Il dott. Buteyko, medico russo, individuò la causa dell'asma nell'iperventilazione cronica, cioè nel respirare sistematicamente più del necessario, e sappiamo dalla nostra esperienza di ogni giorno che uno spavento o lo stress ci fanno aumentare il respiro, incrementando ancora di più l'iperventilazione. Un attacco di asma provoca in tutti gli asmatici, e a maggior ragione in un bambino, uno stato di ansia e di paura che non fanno altro che incrementare il problema.
E' convinzione comune che più si respira e più ossigeno il nostro corpo ha a disposizione; invece non è così, perché iperventilando si eliminano grandi quantità di anidride carbonica e questo fatto provoca la diminuzione della quantità di ossigeno disponibile alle cellule del nostro corpo, quelle del cervello, dei vari organi, dei muscoli. Ciò perché la capacità di utilizzare l'ossigeno dipende dalla quantità di anidride carbonica presente nel sangue. Infatti per il fenomeno noto come effetto Bohr, la capacità dell'emoglobina di cedere l'ossigeno che trasporta, diminuisce al diminuire della quantità di anidride carbonica, e più si respira, più il livello di CO2 diminuisce.
Gli esercizi del dottor Buteyko, oltre a risolvere il problema dell'iperventilazione, quindi eliminare il problema dell'asma alla radice, forniscono anche la possibilità di controllare un attacco d'asma con le sole tecniche del respiro, senza dover assumere nessun farmaco, dando così molto sollievo allo stato ansioso in cui vive un asmatico; questo aspetto è ancora più importante in un bambino, che alle volte giocando non ricorda dove ha messo lo spry del broncodilatatore o magari lo ha dimenticato a casa oppure non lo sa usare bene.
Il metodo del dott. Buteyko è applicabile anche ai bambini al di sopra dei 3-4 anni: è sufficiente che il bambino abbia raggiunto la capacità di ascoltare ed eseguire ciò che gli si chiede, ed i risultati non tarderanno a venire. I bambini infatti reagiscono alla cura più velocemente degli adulti ed ottengono presto ottimi risultati.

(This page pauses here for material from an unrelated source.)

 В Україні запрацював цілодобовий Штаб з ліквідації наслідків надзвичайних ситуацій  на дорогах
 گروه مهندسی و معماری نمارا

I più piccoli dovranno essere sempre seguiti ed incitati dai genitori nell'esecuzione degli esercizi, mentre i più grandi dopo un primo periodo potranno esercitarsi anche da soli, ma sempre sotto la supervisione dei genitori.
La tecnica utilizzata per i bambini è diversa da quella impiegata per gli adulti, non solamente perché viene mascherata dal gioco, ma anche per il diverso tipo di reattività che in genere ha il fisico di un bambino.

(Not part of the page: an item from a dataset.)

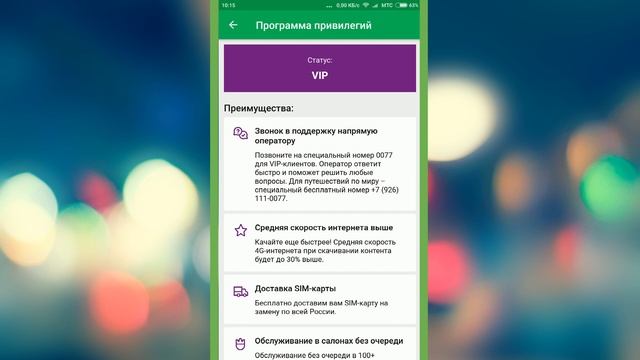 Статус ВИП на Мегафоне для абонентов Москвы и области смотреть онлайн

Nelle sperimentazioni fatte nella ex Unione Sovietica ed in Australia, tutti i bambini asmatici hanno risposto positivamente al metodo, ed attacchi di asma, riniti e raffreddori allergici sono scomparsi o di molto diminuiti: in una settimana l'83% dei bambini ha dimostrato notevoli miglioramenti con grande riduzione nell'uso di farmaci, mentre il 17% ha avuto dei miglioramenti minori.

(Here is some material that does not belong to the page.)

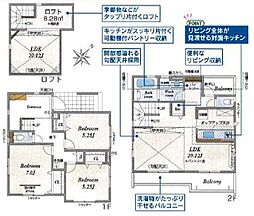 物件画像 相模原市緑区大島 全14棟 新築一戸建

Il non respirare con il naso è uno dei principali problemi dei bambini asmatici: respirando con la bocca, infatti, l'aria che si inspira non è riscaldata, umidificata e filtrata come accade invece respirando con il naso, ed inoltre si inala una maggior quantità d'aria, incrementando l'iperventilazione. Il muco nelle vie respiratorie (raffreddori, naso bloccato) è una difesa del corpo alla perdita di CO2, infatti si vedrà che applicando il metodo, il naso sarà più libero e le condizioni dell'asma miglioreranno.